AMG 501 A New Precision Cancer Medicine to Finally Target KRAS

KRAS is a major driver of cancer and doctors may have finally figured out how to turn it off.

by Dr. C.H. Weaver M.D. June 2019

Decades of research may have finally determined how to target KRAS, a major genetic driver of cancer. Initial study results presented Monday at the American Society of Clinical Oncology's annual meeting in Chicago. A novel precision cancer medicine currently known as “AMG 501” caused cancers to shrink in five of 10 lung cancer patients.

KRAS, an oncogene that impacts the growth of lung, pancreatic and colorectal cancers. The new medication is the first of its kind to reach clinical testing and works by binding to what researchers describes as a "hidden groove" on the protein produced by the mutated KRAS gene. When AMG 510 binds, the protein is inactivated which “tiurns off” the signals it sends to trigger cell division and cancer cell growth. AMG 510 is aimed at a specific type of KRAS mutation called G12C, which occurs in roughly 13% of non-small cell lung cancers, 3% to 5% of colorectal cancers, and between 1% and 3% of other cancers.

So far, 35 patients have enrolled in a Phase 1 clinical trial and the medication appears well tolerated with acceptable side effects so far….

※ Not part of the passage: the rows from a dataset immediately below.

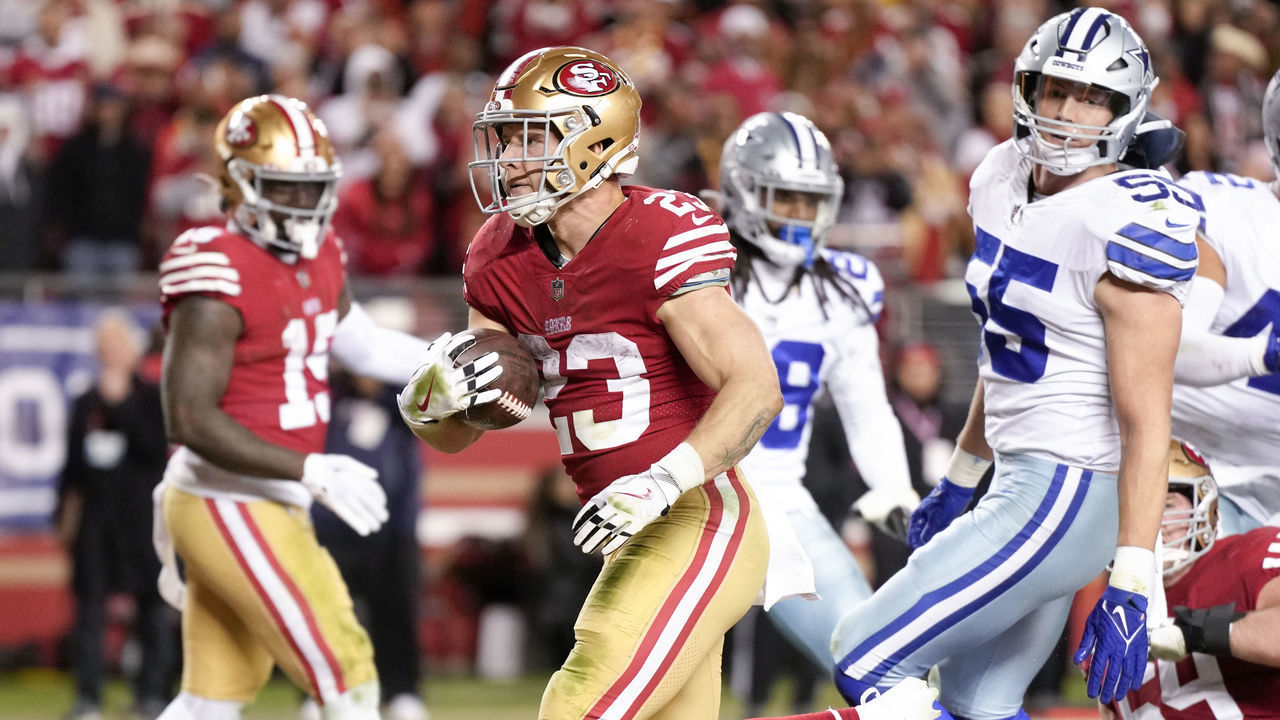 SANTA CLARA, CALIFORNIA - JANUARY 22: Christian McCaffrey #23 of the San Francisco 49ers rushes for a touchdown against the Dallas Cowboys during the fourth quarter in the NFC Divisional Playoff game at Levi's Stadium on January 22, 2023 in Santa Clara, California.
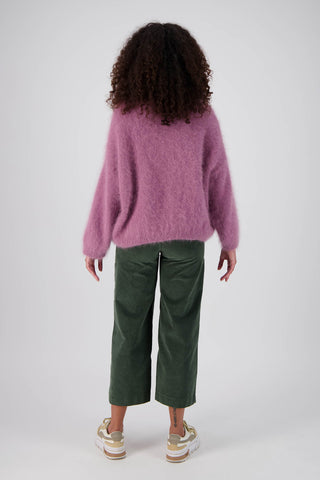 Olga de Polga Olive Green Fine Cord Peggy Pants. Cropped ankle length and large patch pockets, wit a side zip fastening. Our best selling pants.  Back full length view on model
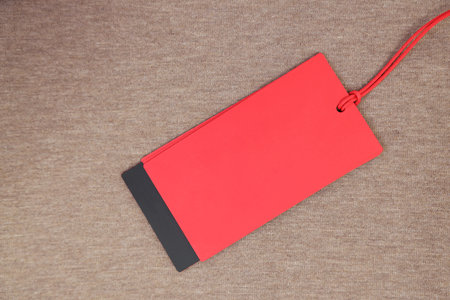 Red tag on brown garment, top view. Space for text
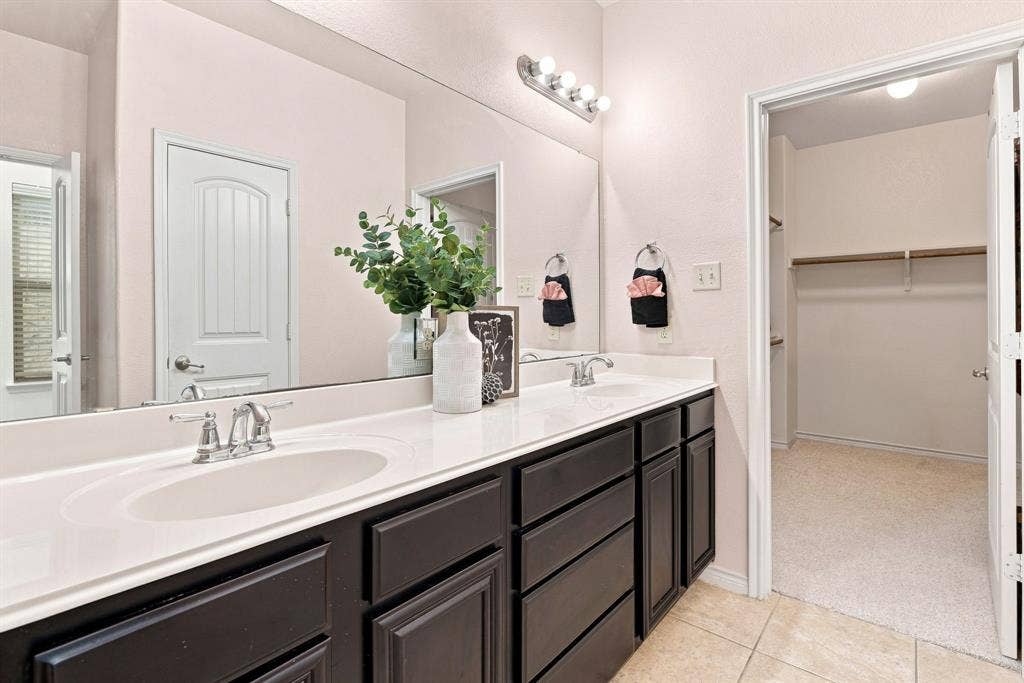 5605 Cojimar Drive, McKinney, TX 75070 Double vanity with integrated sinks, dark wood-finish cabinetry, and polished chrome fixtures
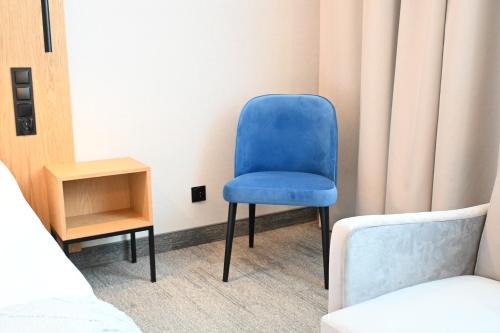 a blue chair sitting in a room next to a bed at Hotel Centrum Malbork in Malbork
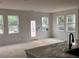 Open living room featuring bright windows at 3102 Marbella Cir # 1, Kennesaw, GA 30152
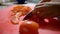 Hands of female cook slowly slicing a tomato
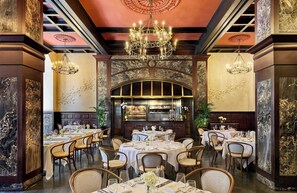 A restaurant with round tables, chandeliers, and a stone archway. - Omni Royal Orleans Hotel (New Orleans)
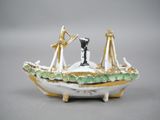 a figurine of a man and a woman in a boat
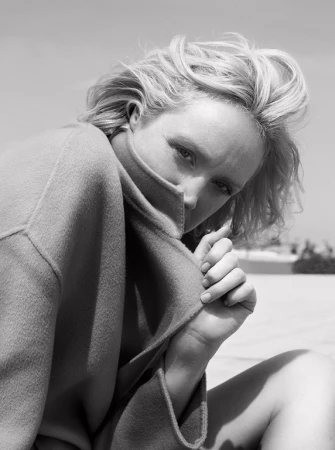 Close-up black and white portrait of a blonde woman pulling up a heavy collar of her coat to partially cover her face.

Among 10 lung cancer patients with the KRAS G12C mutation confirmed by gene sequencing five individuals experienced a partial response to therapy and four had stable disease. All patients who responded remain on therapy with follow-up stretching from seven weeks to more than six months. Interestingly, results didn't appear as positive in colorectal cancer, however, where 13 of 18 evaluable patients had stable disease.

A Little More Information About the KRAS Oncogene

A pivotal milestone in cancer research was the discovery of a group of genes called the RAS family. RAS is an oncogene—a gene that encodes proteins that function as switches to turn on various genes for cell growth and division. These genes are intricate players in the normal cell cycle, responding to cues both outside and inside the cell that regulate how fast a cell should grow and divide. Furthermore, there are myriad proteins that interact with RAS—including receptors on the cell surface—that pass signals into the cell through complex circuits of protein interactions, with the end result being changes in gene expression. Mutations in the RAS genes result in permanently “turned on” switches that in turn result in uninhibited cell division, which can lead to cancer.

There are three types of RAS oncogenes, designated NRAS, GRAS, and KRAS. Although mutations in all three can cause cancer, KRAS is the most frequently mutated oncogene in human colorectal cancer. About 40 to 50 percent of human colorectal cancers have mutated KRAS genes. Recently developed laboratory assays are able to differentiate those tumors that have this mutation from those that have normal (also called wild-type) KRAS.

This has had several therapeutic implications. Cancers that have non-mutated, or wild-type, KRAS are susceptible to a class of biologic agents called epidermal growth factor receptor (EGFR) inhibitors. EGFR is a receptor on the surface of the cell that binds to a growth factor called epidermal growth factor (EGF). This receptor activates cellular pathways that promote cell growth and division, with KRAS being one of the key players in the process. Blocking the EGF receptor removes this important signal for the continued growth of cancer cells. The two EGFR-targeting agents studied in colon cancer are Erbitux® (cetuximab) and Vectibix (panitumumab).

Another exciting group of drugs that specifically targets the KRAS protein works by inhibiting an enzyme called farnesyltransferase. This enzyme is involved in activating the RAS proteins. As of yet these drugs are not available for use at the bedside and are currently being tested in animal models.